Material provided: Begin

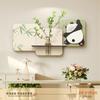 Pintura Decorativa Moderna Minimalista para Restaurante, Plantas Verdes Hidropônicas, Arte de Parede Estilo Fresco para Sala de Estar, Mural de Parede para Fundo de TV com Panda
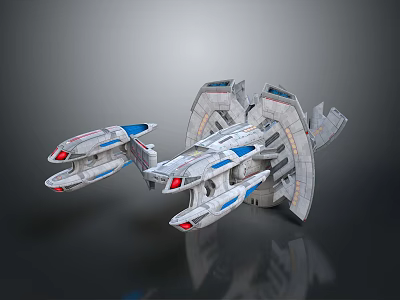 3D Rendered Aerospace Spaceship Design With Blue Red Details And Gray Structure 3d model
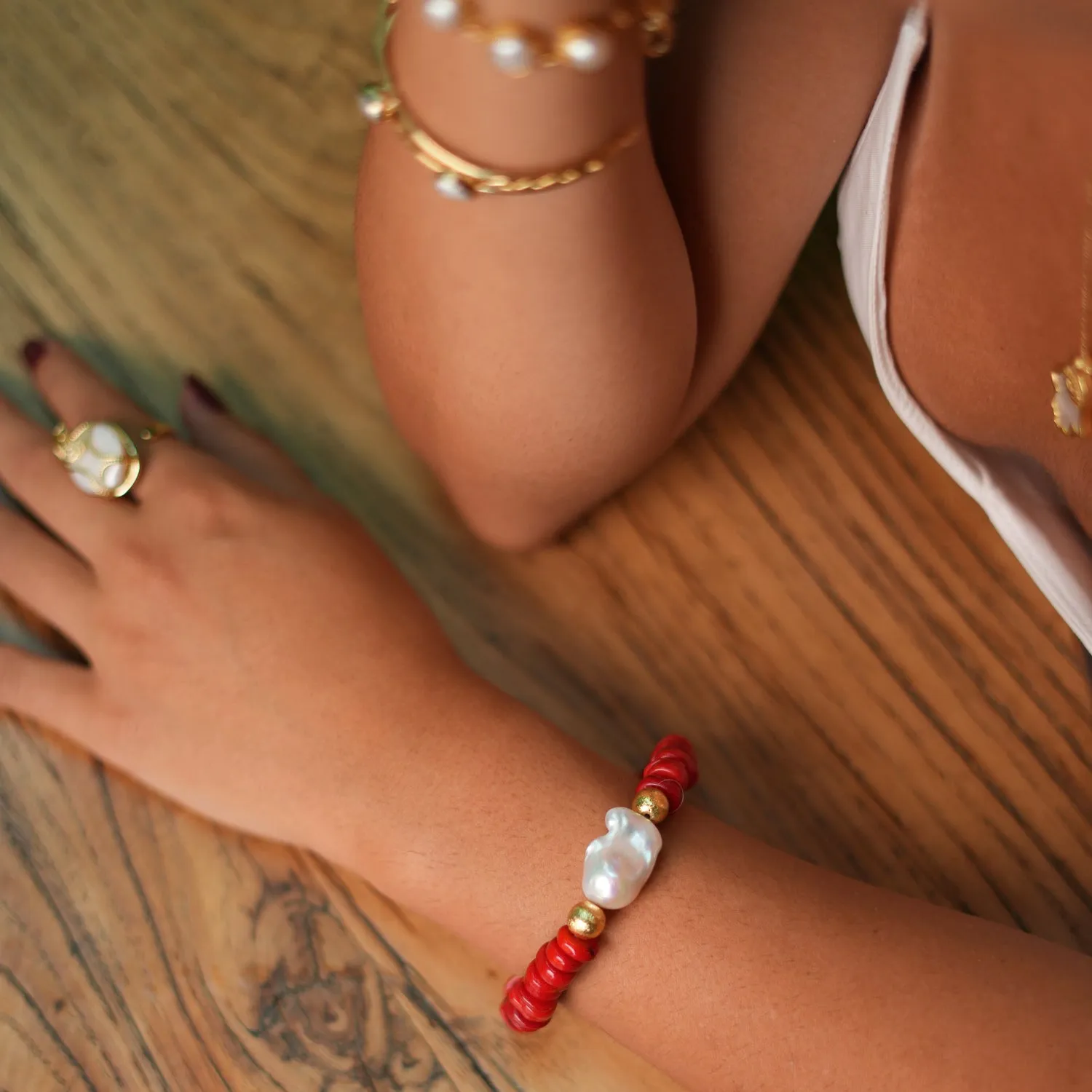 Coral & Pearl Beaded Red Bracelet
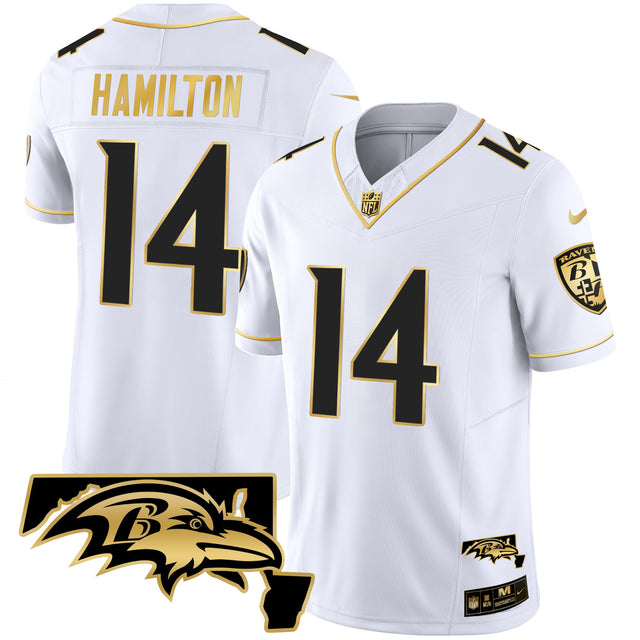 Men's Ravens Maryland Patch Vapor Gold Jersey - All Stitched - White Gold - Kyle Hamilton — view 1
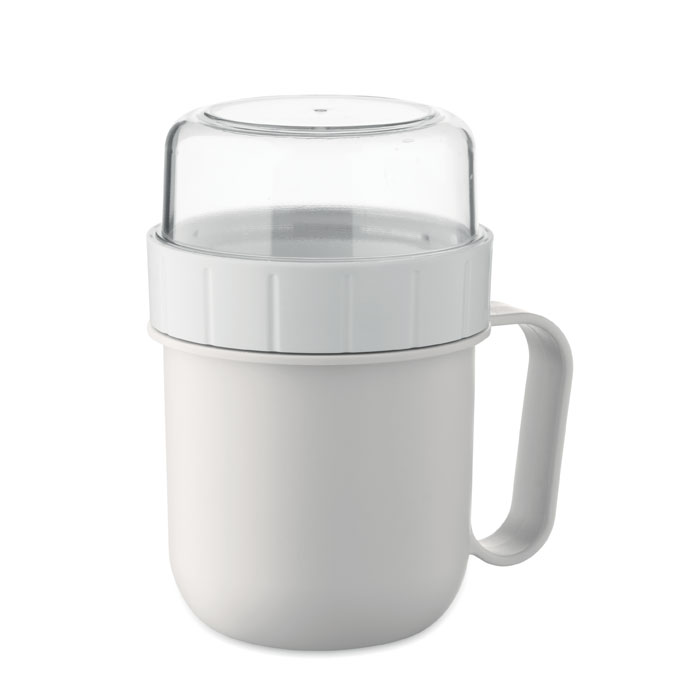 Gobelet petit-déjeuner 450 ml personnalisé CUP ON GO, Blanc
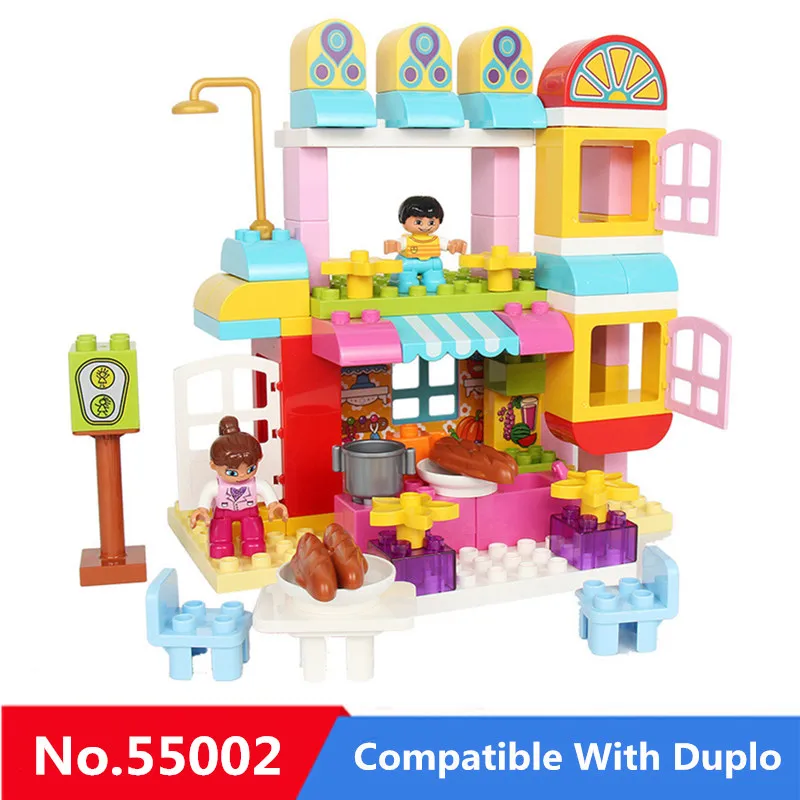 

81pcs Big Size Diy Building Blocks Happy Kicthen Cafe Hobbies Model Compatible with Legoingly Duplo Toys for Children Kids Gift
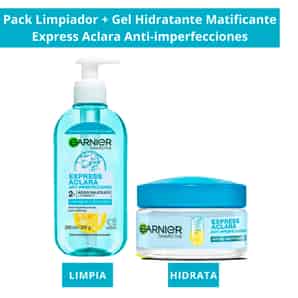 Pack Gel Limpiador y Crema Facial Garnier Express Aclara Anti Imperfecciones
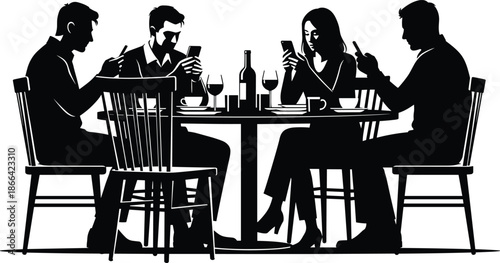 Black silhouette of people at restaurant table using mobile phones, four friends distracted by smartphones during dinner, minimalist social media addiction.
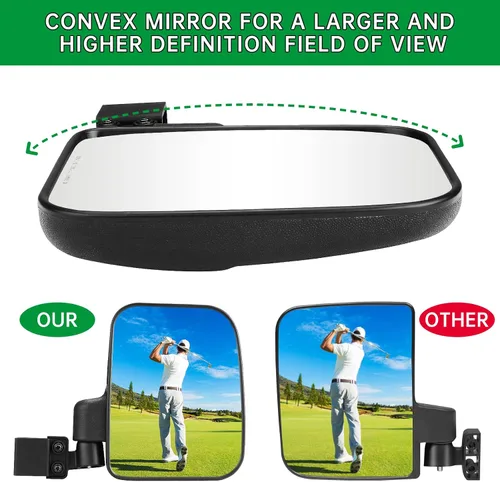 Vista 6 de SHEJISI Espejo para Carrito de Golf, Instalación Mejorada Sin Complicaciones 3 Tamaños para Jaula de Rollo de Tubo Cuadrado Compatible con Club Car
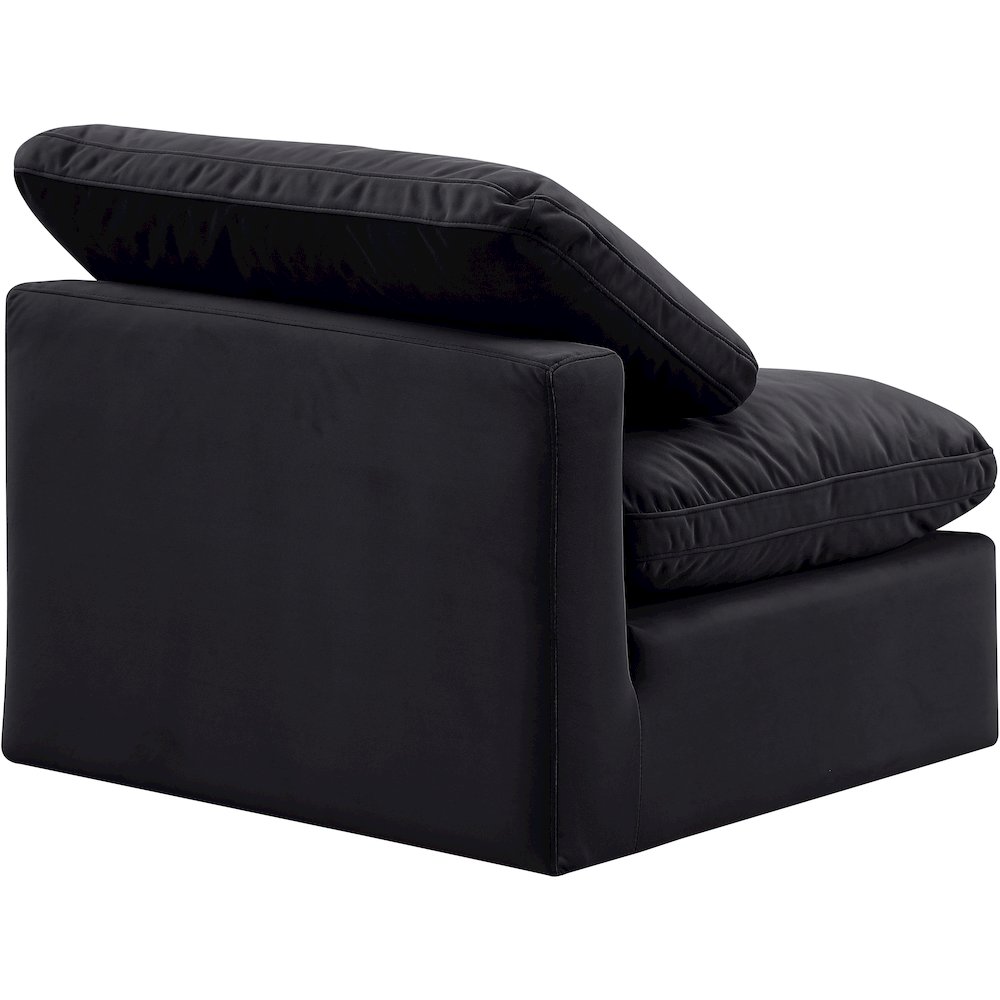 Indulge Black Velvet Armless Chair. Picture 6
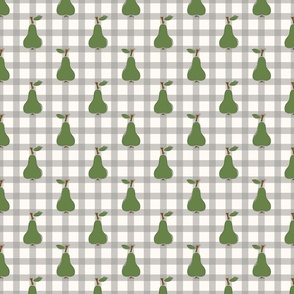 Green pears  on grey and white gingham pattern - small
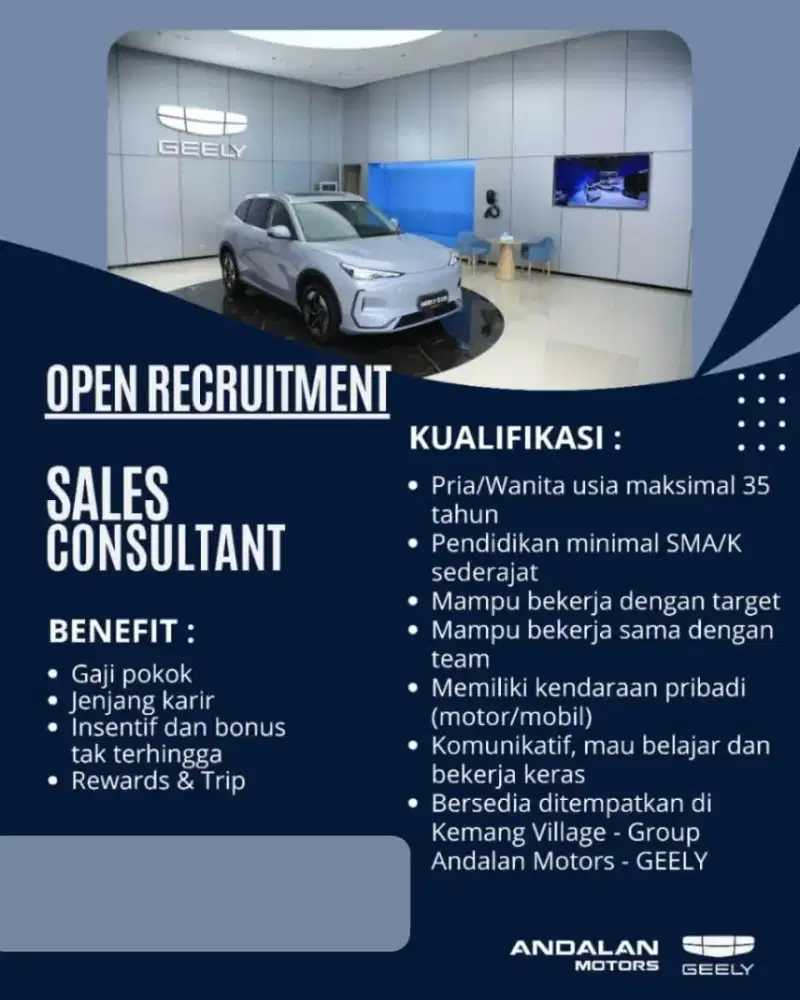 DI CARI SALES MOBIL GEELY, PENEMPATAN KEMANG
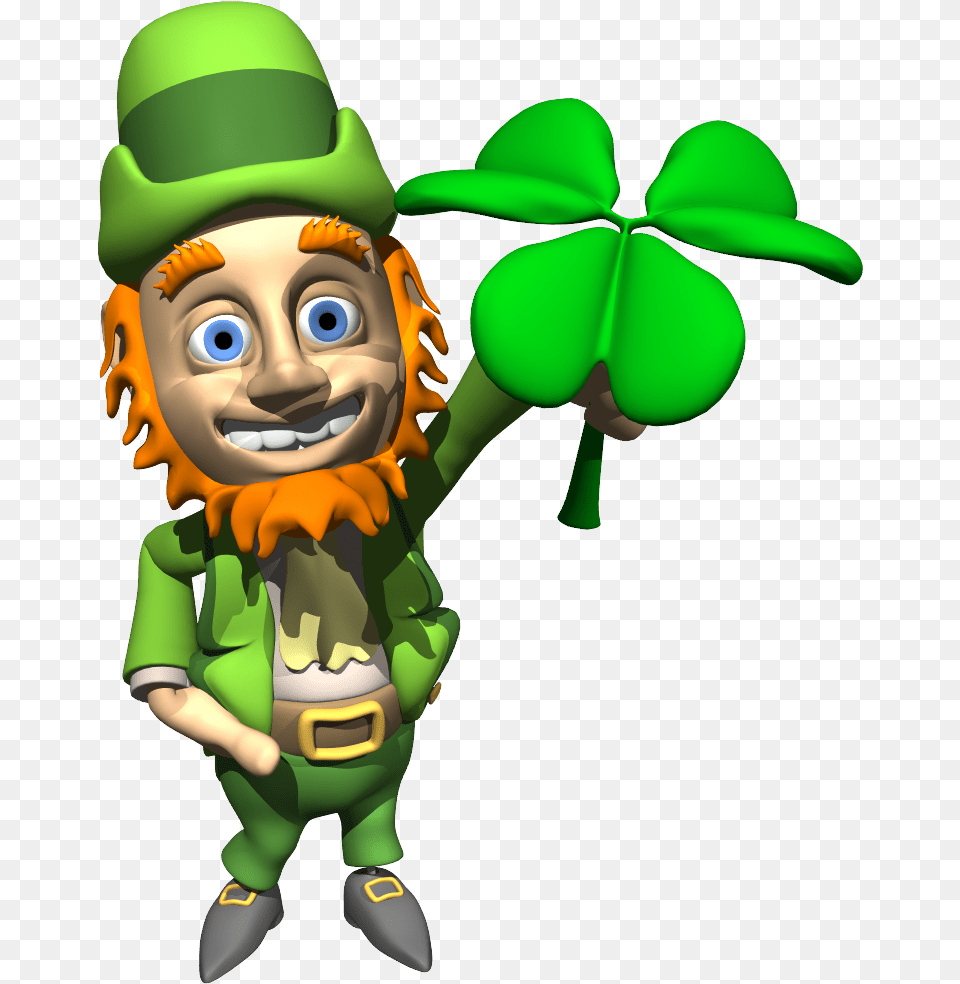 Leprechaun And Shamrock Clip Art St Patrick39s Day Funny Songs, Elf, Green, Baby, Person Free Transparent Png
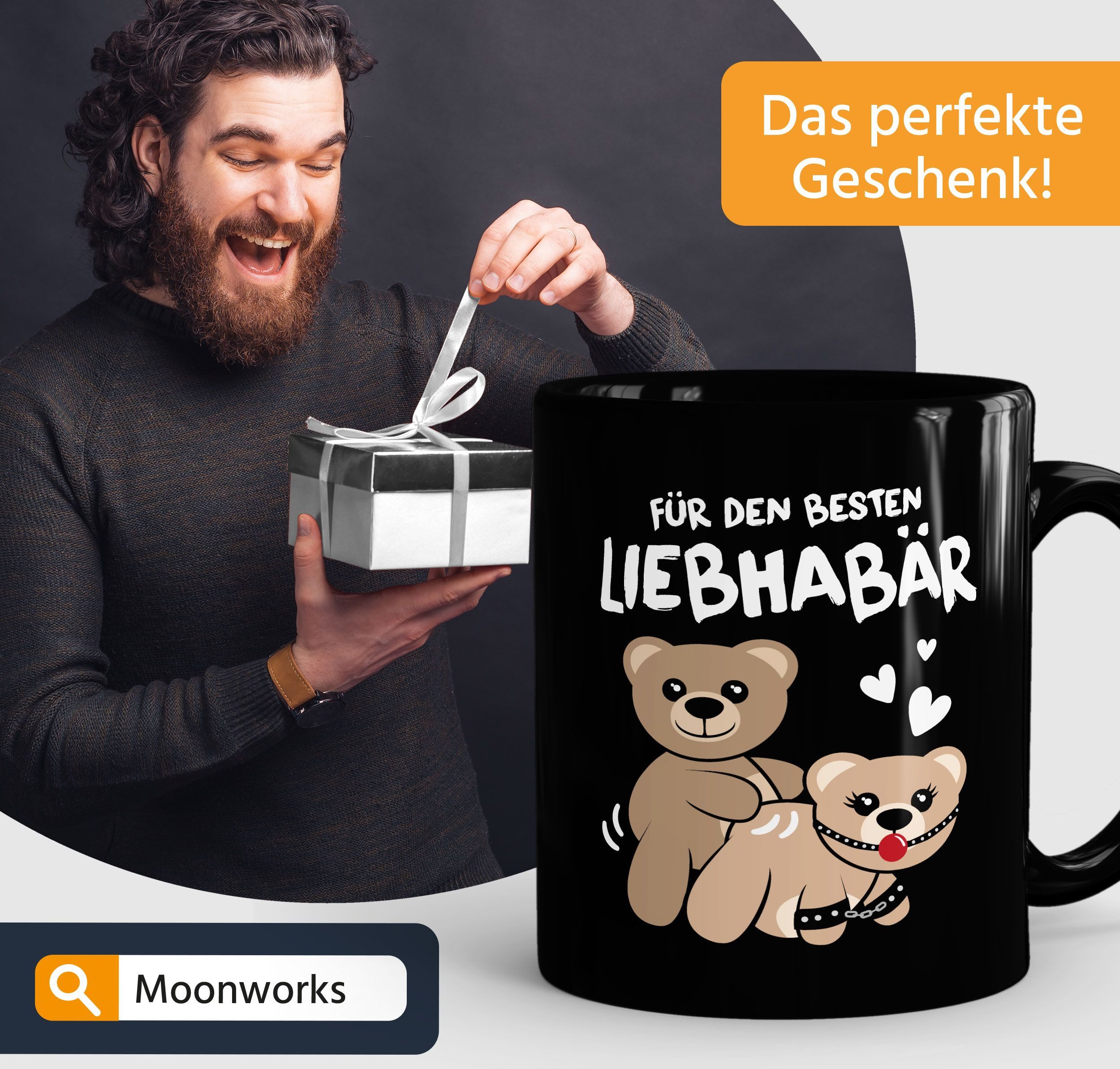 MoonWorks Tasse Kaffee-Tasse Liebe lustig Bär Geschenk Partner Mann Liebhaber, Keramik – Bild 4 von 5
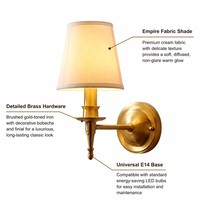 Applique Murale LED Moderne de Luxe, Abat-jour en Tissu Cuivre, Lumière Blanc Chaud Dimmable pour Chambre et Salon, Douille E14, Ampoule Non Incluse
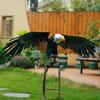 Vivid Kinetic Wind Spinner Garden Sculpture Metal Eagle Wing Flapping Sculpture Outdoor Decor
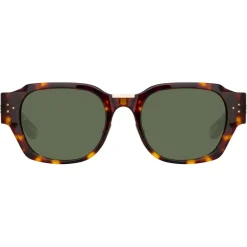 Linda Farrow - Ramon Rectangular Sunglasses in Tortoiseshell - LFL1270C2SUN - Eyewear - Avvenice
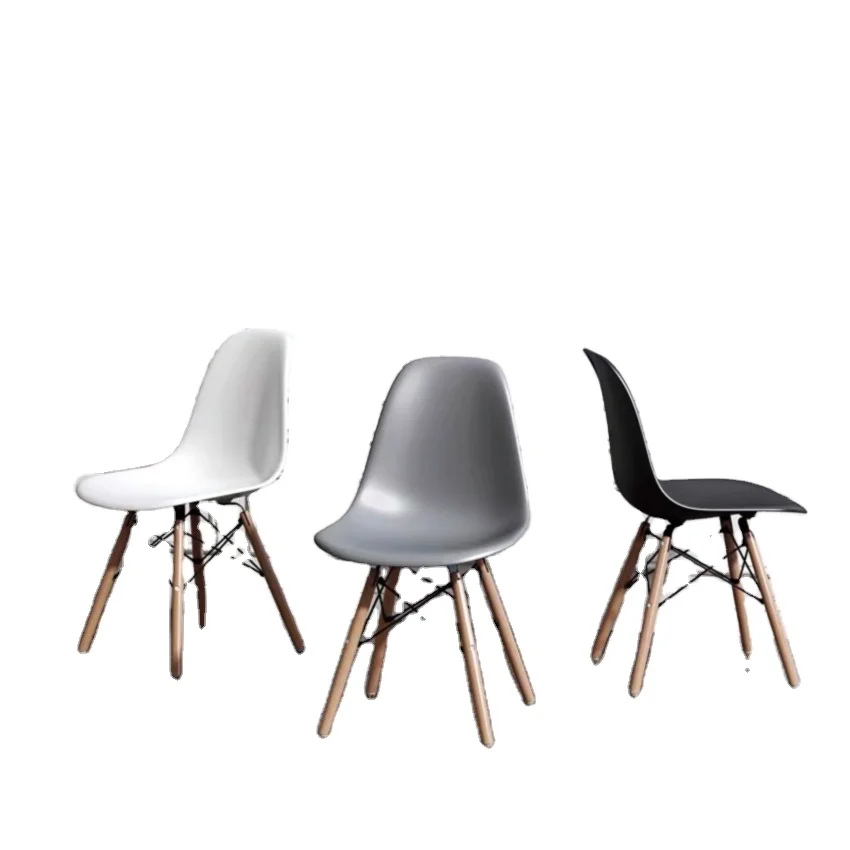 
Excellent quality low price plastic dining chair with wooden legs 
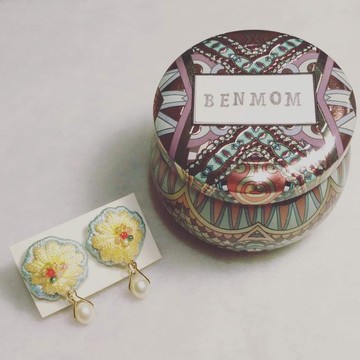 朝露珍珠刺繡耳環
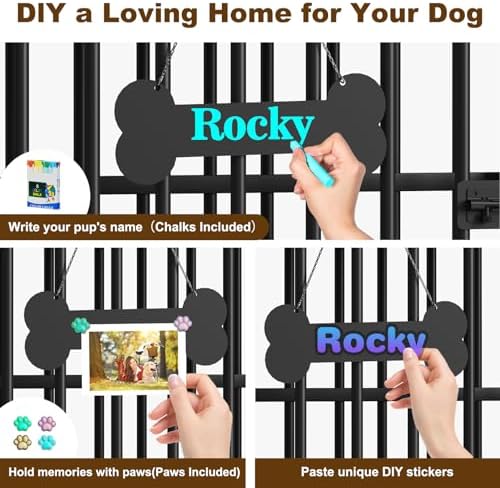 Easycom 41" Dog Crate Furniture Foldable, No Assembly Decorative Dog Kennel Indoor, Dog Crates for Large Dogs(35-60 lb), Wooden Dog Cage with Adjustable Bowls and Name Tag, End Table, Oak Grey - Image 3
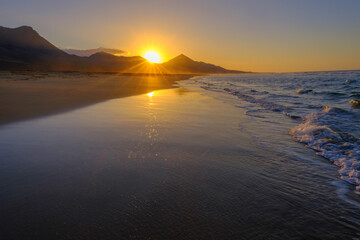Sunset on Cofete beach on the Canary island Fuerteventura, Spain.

Material provided: End

## What you will do
Begin at the line containing "Linda Farrow - Ramon" and transcribe exactly every line through the end of the records, both ends included, leaving the pictures out.

## Result for this task
 Linda Farrow - Ramon Rectangular Sunglasses in Tortoiseshell - LFL1270C2SUN - Eyewear - Avvenice
Excellent quality low price plastic dining chair with wooden legs 
 朝露珍珠刺繡耳環
 Easycom 41" Dog Crate Furniture Foldable, No Assembly Decorative Dog Kennel Indoor, Dog Crates for Large Dogs(35-60 lb), Wooden Dog Cage with Adjustable Bowls and Name Tag, End Table, Oak Grey - Image 3
Sunset on Cofete beach on the Canary island Fuerteventura, Spain.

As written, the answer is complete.